Next, it is your job to propagate uncertainties through the spectral band integration of the HYPERNETS data, and through the bias calculation. Propagate the HYPERNETS random uncertainties and systematic uncertainties (and custom error correlation matrix) and combine these two components quadratically.

In [None]:
prop = MCPropagation(50, parallel_cores=1)
u_ran_refl_HYP = prop.propagate_standard(band_integrate_L9,[refl_HYP_full,wav_HYP_full],[u_ran_refl_HYP_full,None],["rand",None])
u_sys_refl_HYP = prop.propagate_standard(band_integrate_L9,[refl_HYP_full,wav_HYP_full],[u_sys_refl_HYP_full,None],[ds_HYP["err_corr_systematic_reflectance"].values,None])
u_refl_HYP = np.sqrt(u_ran_refl_HYP**2+u_sys_refl_HYP**2)

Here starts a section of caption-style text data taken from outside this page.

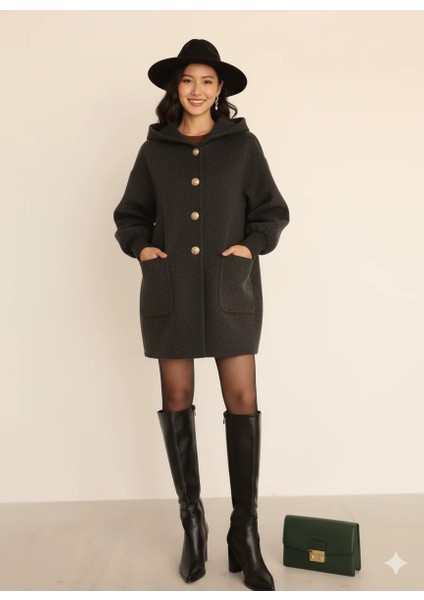 Kadın Oversize Bol Kesim Diz Üstü Siyah Kaban Büyük Cepli Yünlü Kumaş Kapüşon Detaylı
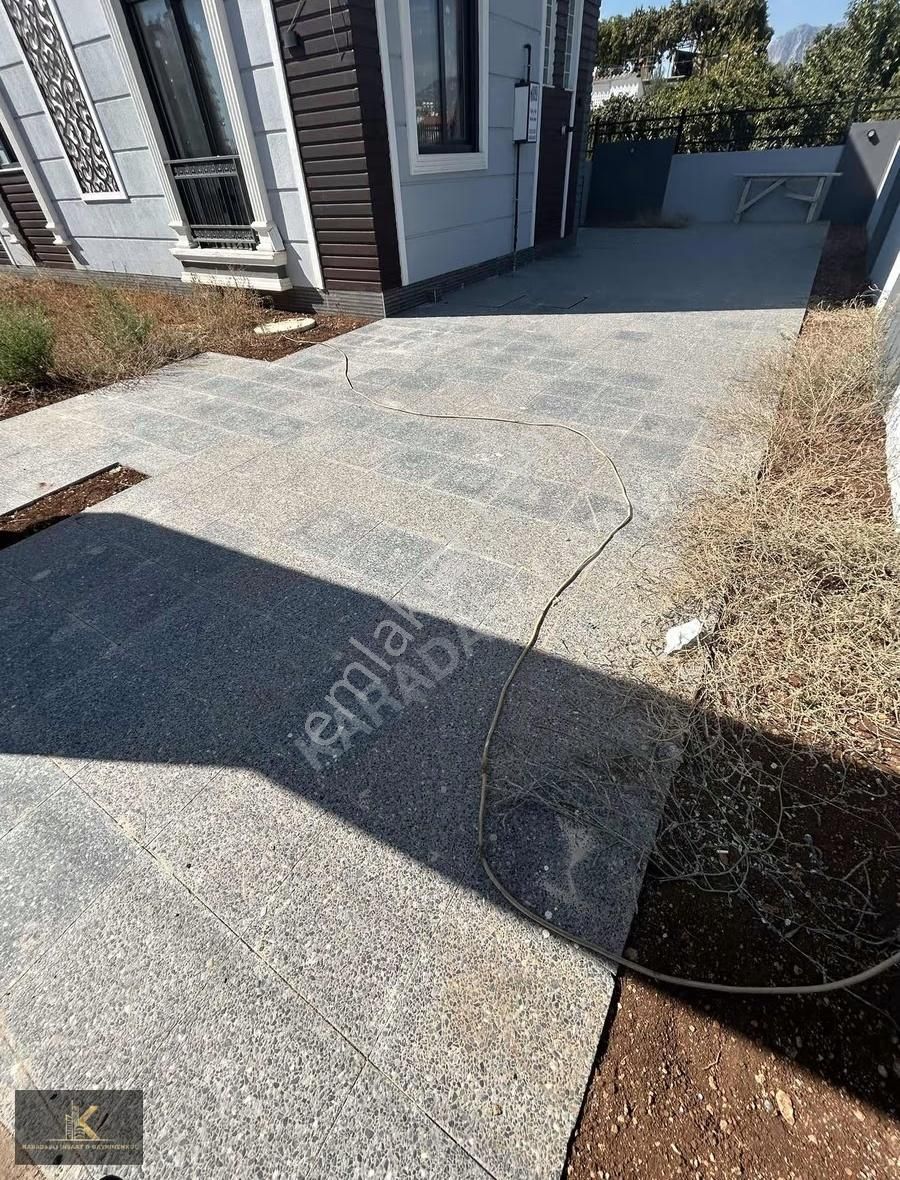 Döşemealtı Bahçeyakada 4+1 Müstakil Lüx Villa - Görsel 11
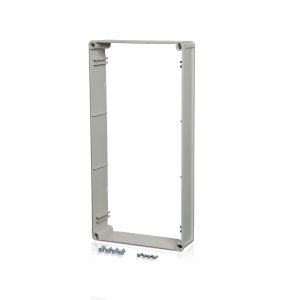 Ein Zwischenrahmen aus Polycarbonat und mit den Maßen 30 x 60 cm, hinter einem transparenten Hintergrund.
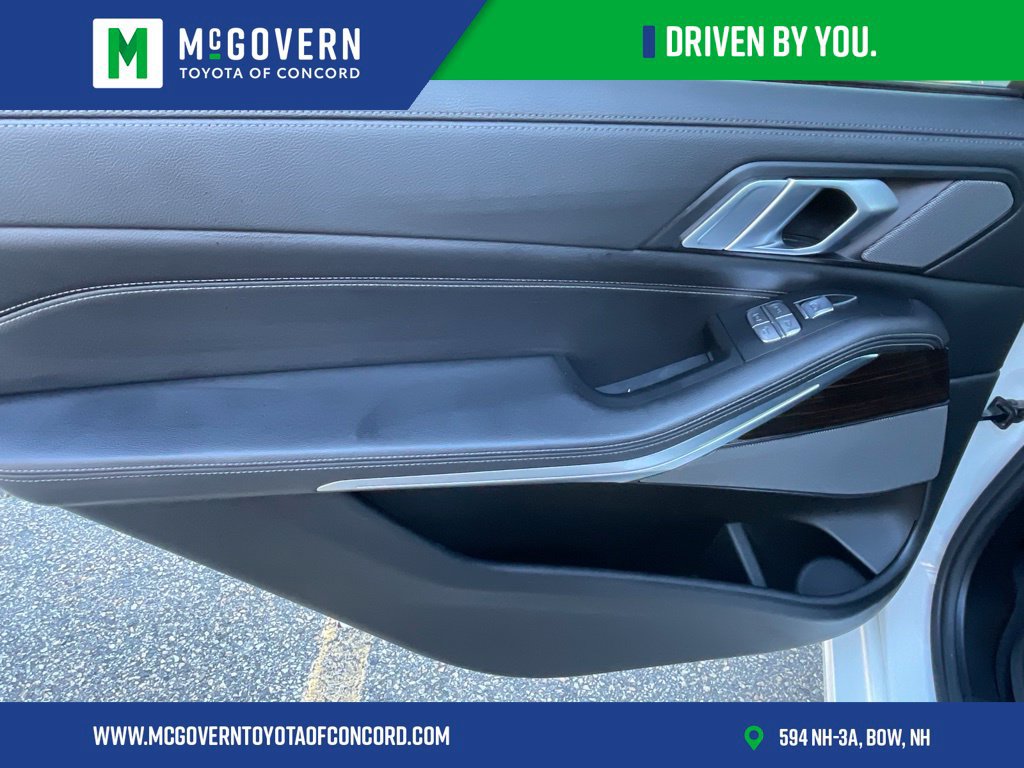 Used 2019 BMW X7 xDrive40i w/ Premium Package AWD/4WD image 23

Compare the band integrated uncertainties to the full resolution uncertainties, and see how they are affected differently by the process. 

In [None]:
plt.plot(wav_HYP_full,u_ran_refl_HYP_full,"red",label="random uncertainty full resolution")
plt.plot(wav_HYP_full,u_sys_refl_HYP_full,"blue",label="systematic uncertainty full resolution")
plt.plot(wav_L9,u_ran_refl_HYP,"ro",label="random uncertainty band integrated")
plt.plot(wav_L9,u_sys_refl_HYP,"bo",label="systematic uncertainty band integrated")
plt.yscale("log") 
plt.legend()
plt.show()
plt.close()  

**Question 1:** Which of the uncertainty components is most reduced by the spectral band integration?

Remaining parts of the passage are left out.